Like Stiglitz says, no economist proposes to repeal the laws of thermodynamics: they govern how we can convert raw materials, energy, and labour into cars, computers, and so on. In other words, they would apply if we were talking about producing ever more stuff. But economics does not necessarily deal with stuff, but with the value of that stuff. And believe it or not: it is possible to create value out of nothing, and to make it disappear into nothing.

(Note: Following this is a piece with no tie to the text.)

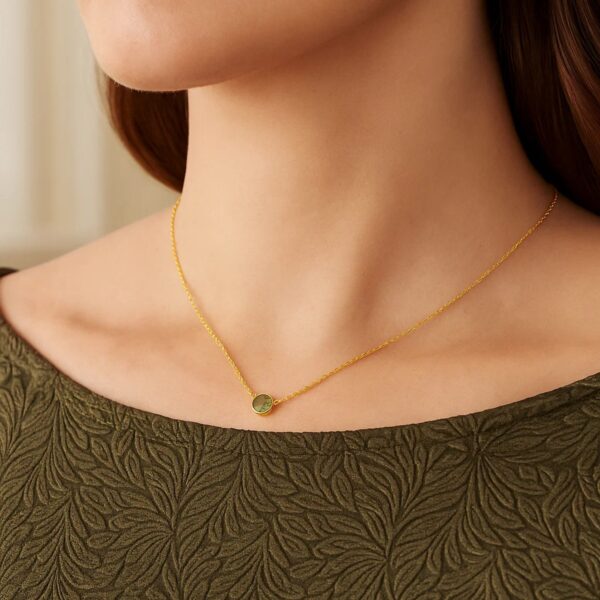 14k Yellow Gold 17 inch Necklace with Round Peridot - alternate view 4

In fact it works a lot like information. A while ago I read a rather strange question in Intermediair, a Dutch career magazine: does a USB stick get heavier when you load it with data? The answer, of course, is no. To a computer, a USB stick is like an Etch-A-Sketch: it uses it to write things down by moving stuff around, not by adding stuff. A USB stick contains loads and loads of switches that can be either turned ‘on’ or ‘off’ (if I’m not mistaken, my 16GB USB stick has 134,217,728 of them). A computer ‘reads’ the information on a USB stick by observing which switches are ‘on’ and which ones are ‘off’. Together, these switches can contain the latest Ufomammut CD, a movie of your PhD defense, or your illegal copy of Matlab. Put these files on your USB stick, and the USB stick has become a lot more valuable to you. How often do you read that some official has lost a USB stick with sensitive data? And this is all possible without changing the mass, nor the energy contained in the USB stick. (OK, to be honest, there may be some swapping of electrons between the stick and the computer, but that is negligible.) But leave it near a strong magnetic field and all your data are lost. And the USB stick has become worthless.

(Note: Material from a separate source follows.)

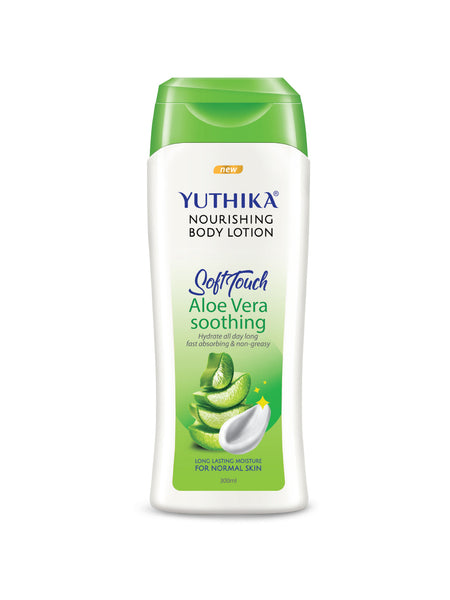 Yuthika Aloe Vera Soft Touch Body Lotion for Women & Men, Lightweight, Non-Greasy Moisturizer for Soft, Smooth Skin, All Skin Types (300ml)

I sometimes get the impression that ecologists tend to treat value as they would treat the number π, or the density of some material, or the temperature of a body. Some studies measure it for a few samples and then aggregate them over the entire planet. And the folks who cite those studies seem to assume it remains unchanged over time. But value is a strange concept. Ever wonder why water is so much cheaper, yet so much more important to human life than gold? Value also varies between individuals and over time. You may not give a rat’s ass for Trout Mask Replica, but there are folks out there willing to lose an eye for an original vinyl copy. Likewise, is there anyone who still listens to The Sweet? I mean, seriously?

Granted: so far economies have grown partly because we are getting more effective at extracting and using ever more inputs, and thereby producing ever more stuff. This is something we cannot keep doing indefinitely: resources are finite, the amount of solar energy our planet receives is finite. There is only so much stuff you can produce, period.

But economies also grow by producing more value with the same inputs, by tayloring products to people’s wishes ever more precisely, or by enhancing the efficiency of production. How long we can keep that up is lot more difficult to say.